Llegados a este punto, ¿podemos decir
en días tan señalados de exaltación del amor y del bien supremo como es la
Navidad, y a las noticias de injusticia humana de rabiosa actualidad en el
mundo entero me remito, que el hombre y la mujer son seres imperfectos al
albergar la semilla del mal dentro de sí mismos? Ante los ojos de los arquetipos
divinos que adoramos en estas fechas, sea cual sea nuestro credo y lugar de
nacimiento, seguramente, sino no nos harían falta sus enseñanzas. Pero, en un
universo polarizado como el que nos ha tocado vivir, ¿qué es la perfección? ¿La ausencia del
mal, y con ella el dolor, la tristeza y el sentimiento (siempre cultural) de
injusticia? Podría ser, pero entonces ya no hablaríamos de seres humanos, sino de
otro tipo de ser de naturaleza diferente. Hablar de seres humanos perfectos en
su bondad es como hacer alusión a un océano sin oleaje, a un día sin noche, a
un clima sin tempestades, o a una vida de éxitos sin fracasos, y por tanto sin
dolor. Algo que no existe en la arquitectura cosmológica de nuestro mundo.
No obstante, por encima de la
cualidad del hombre y la mujer como seres mitad buenos, mitad malos, está la
consciencia, la cual puede hacer imponer una de las dos tendencias de nuestra propia naturaleza en el quehacer de la vida diaria . Pero no hay consciencia que tome el control sobre las
riendas de nuestra doble naturaleza, sin trabajo interior. Alimentar la luz, o
desencadenar las sombras que forman parte de nuestra esencia como seres humanos
es un trabajo individual e intransferible.
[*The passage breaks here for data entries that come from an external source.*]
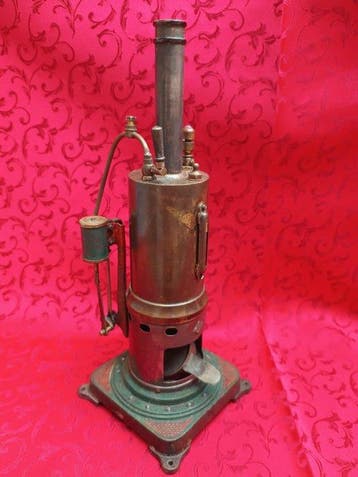 Stoommachine - Bing Bavaria - IJzer, Messing - 1910-1920 -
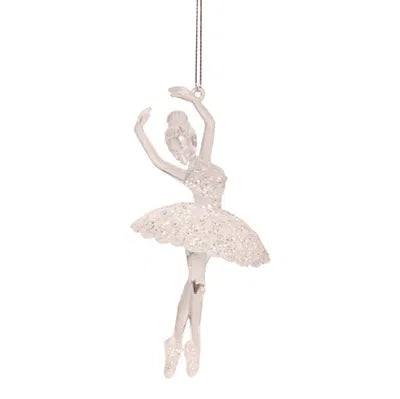 Ballerina, H14,5cm, Plast, Vit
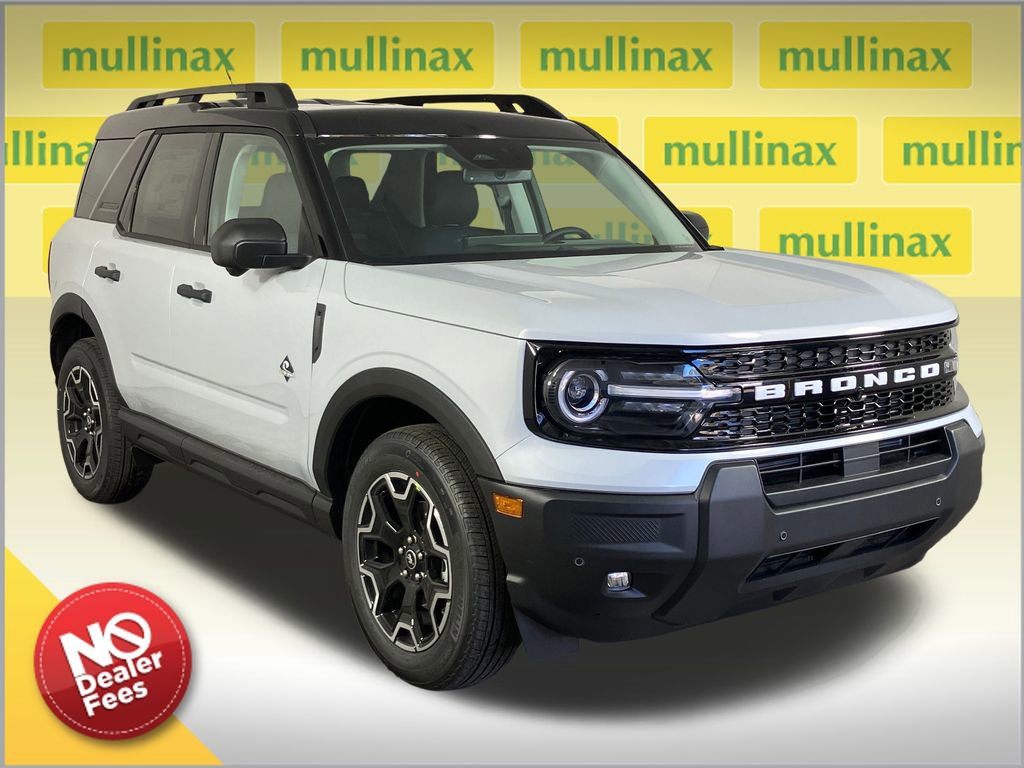 New 2026 Ford Bronco Sport Outer Banks w/ Outer Banks Tech Package+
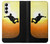 S2676 Extreme Skate-board Coucher de soleil Etui Coque Housse pour Samsung Galaxy S23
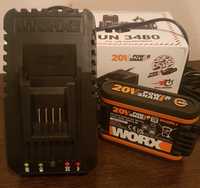 Incarcator+baterie WORX WA3601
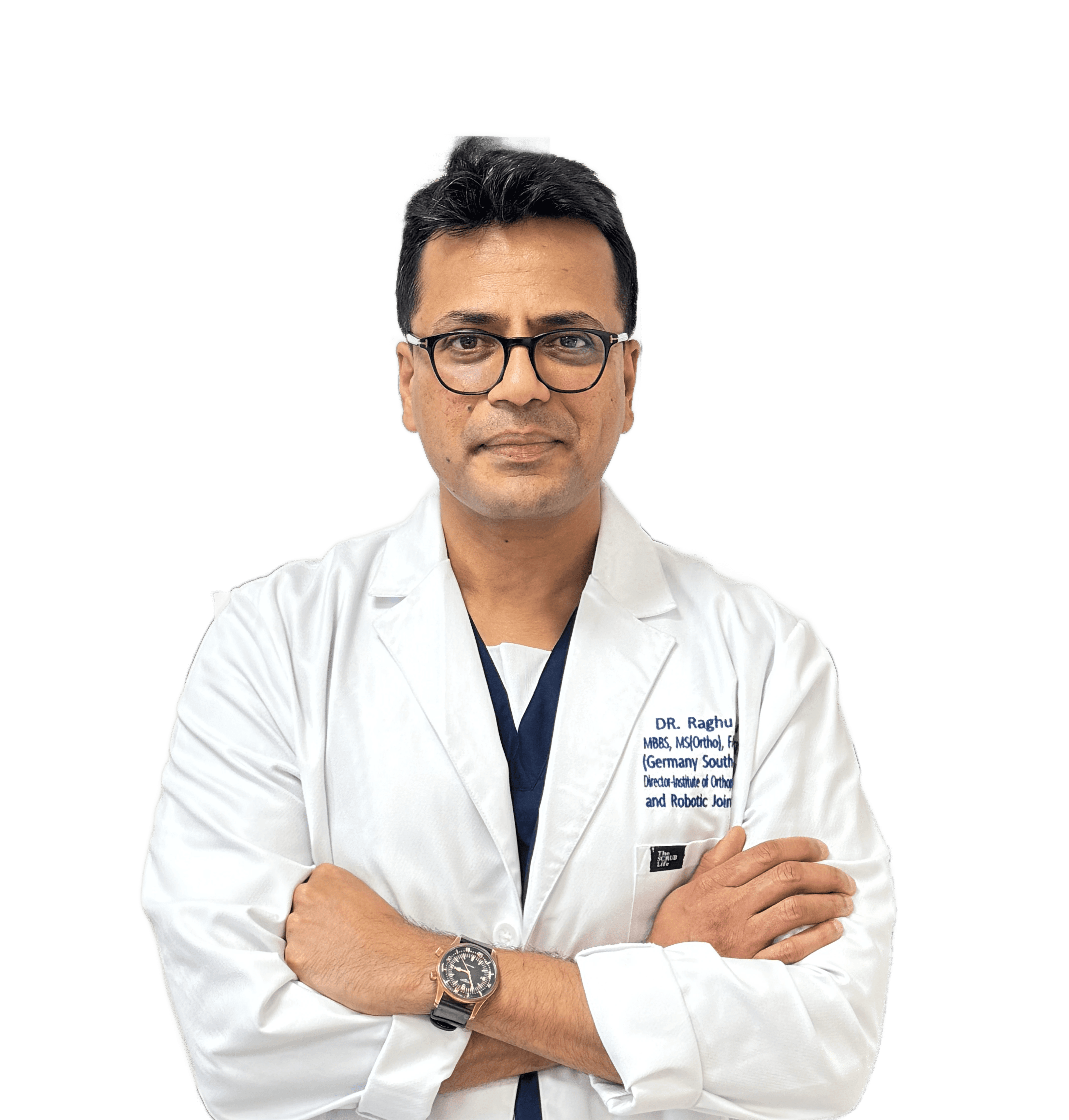 Dr. Raghu Nagaraj, the preferred second opinion doctor in Bangalore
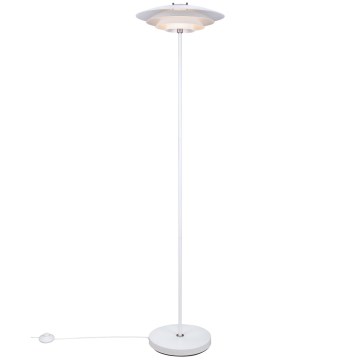 Nordlux - Lampadaire BRETAGNE 1xG9/25W/230V blanc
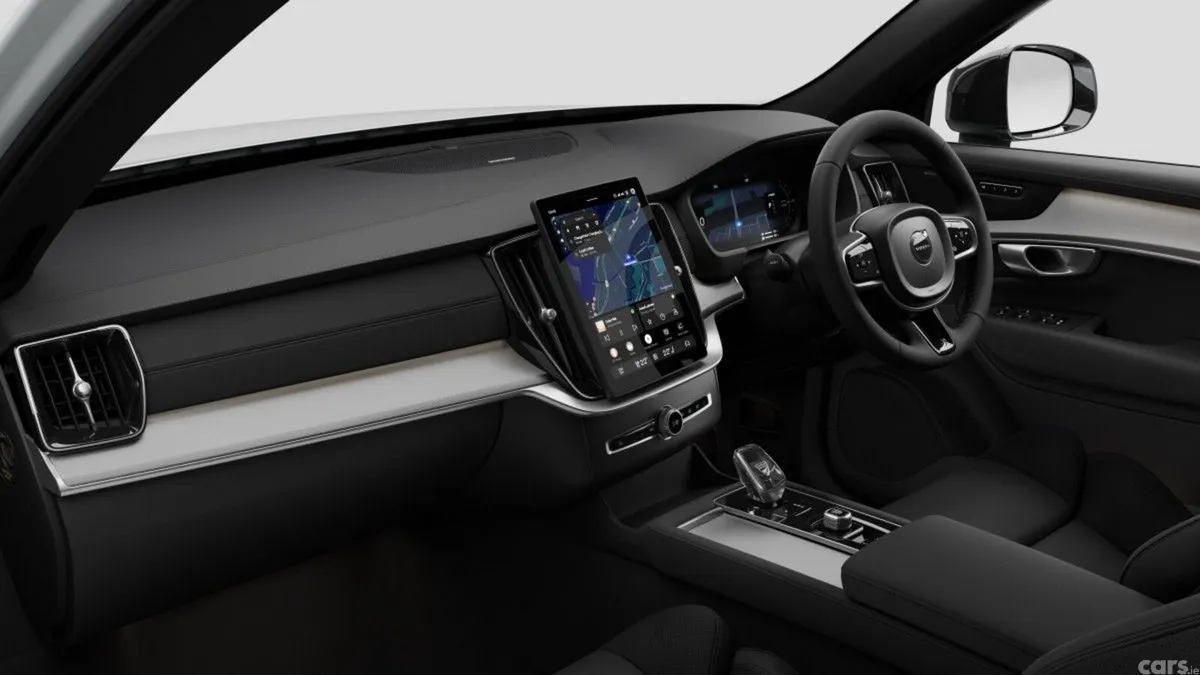 Volvo XC90 SUV, Petrol Plug-in Hybrid, 2027, White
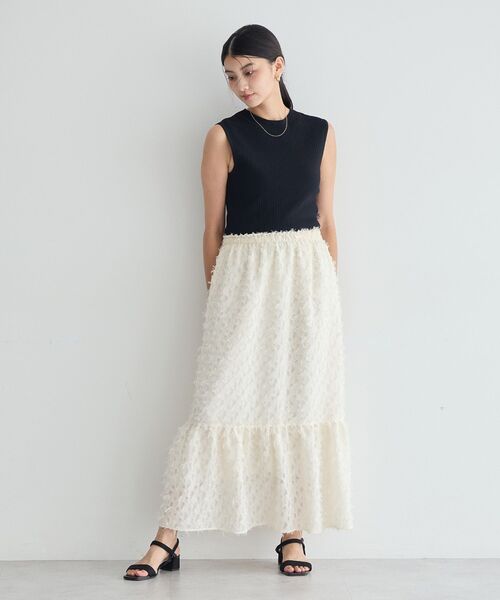 YECCA VECCA(イェッカヴェッカ)の「【2点SET】カーディガンセットワンピース(ワンピース・レディース・ブラック/チャコールグレー・FREE)」の21枚目の写真
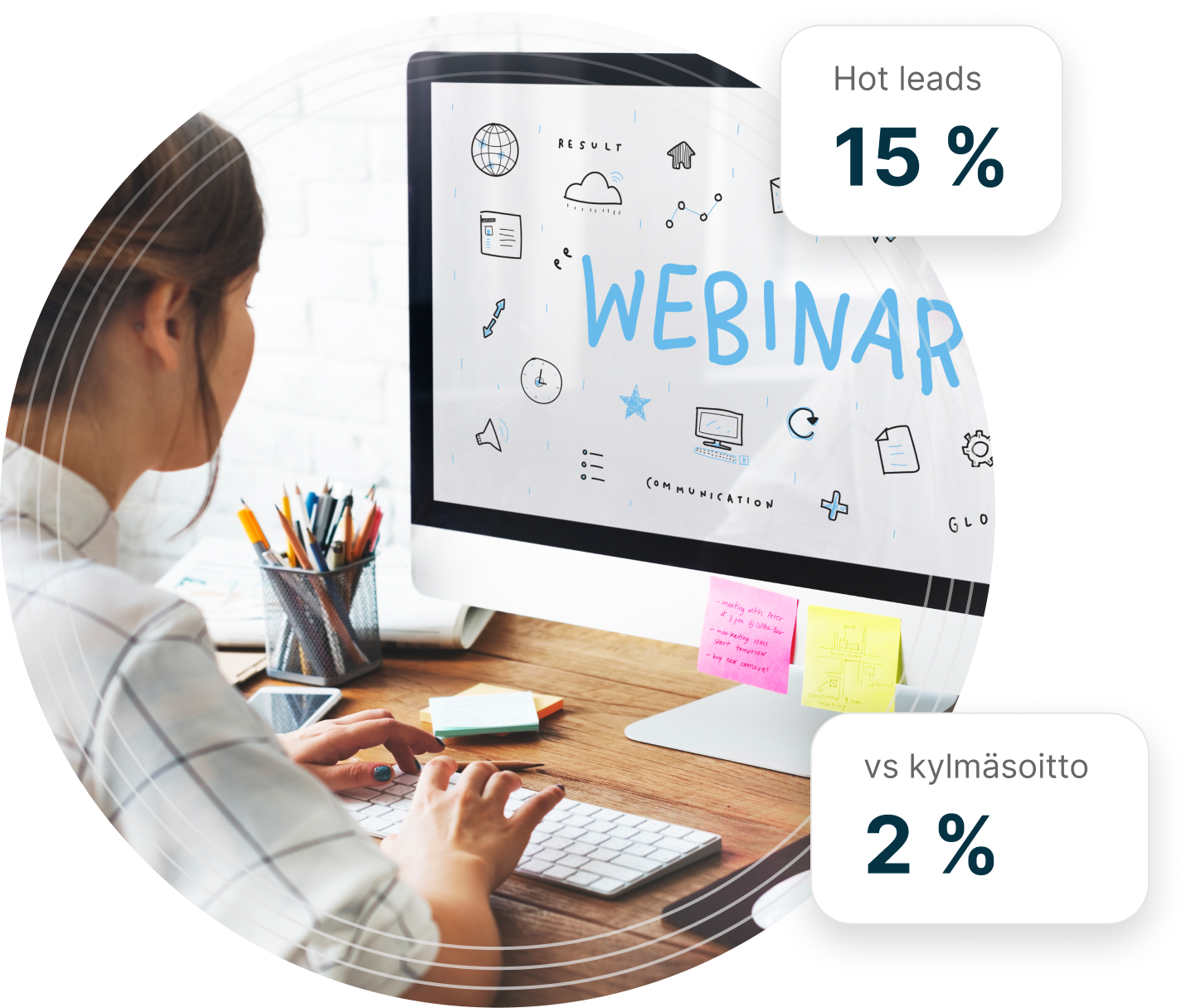 Webinaariliidin kuumana kiinni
Llamémosle ser buenas personas, tener autocontrol,
gestionar las emociones o como nos plazca. El trabajo personal sobre uno
mismo, que afecta de manera directa en cómo nos comportamos ante el resto del
mundo –comenzando por los más allegados-, es una actitud que lleva al hábito,
pero no hay hábito sin práctica, ni práctica sin disciplina interior.
Lo relevante es que, si paramos
atención, podemos observar nuestros pensamientos, los cuales siempre llevan
consigo su carga correspondiente de sentimientos hacia aquello que nos focalizamos. Y eso que justamente observa lo que pensamos y sentimos, es
nuestra consciencia. A partir de aquí, si
podemos observar, podemos actuar interiormente en modificar ese pensamiento y
sentimiento observado que alimenta nuestra mitad oscura del alma.
Así pues, no podremos cambiar
nuestra dualidad como seres de luz y oscuridad, pues forma parte de nuestra
(imperfecta?) condición humana, pero sí tenemos la plena responsabilidad con nosotros mismos y frente el mundo sobre cuál de ellas decidimos alimentar y engrandecer.
Felices fiestas y una vida digna
en paz y prosperidad para todos los hombres y mujeres de buena voluntad. Que la
fuerza, de la Luz y el Amor, nos acompañe.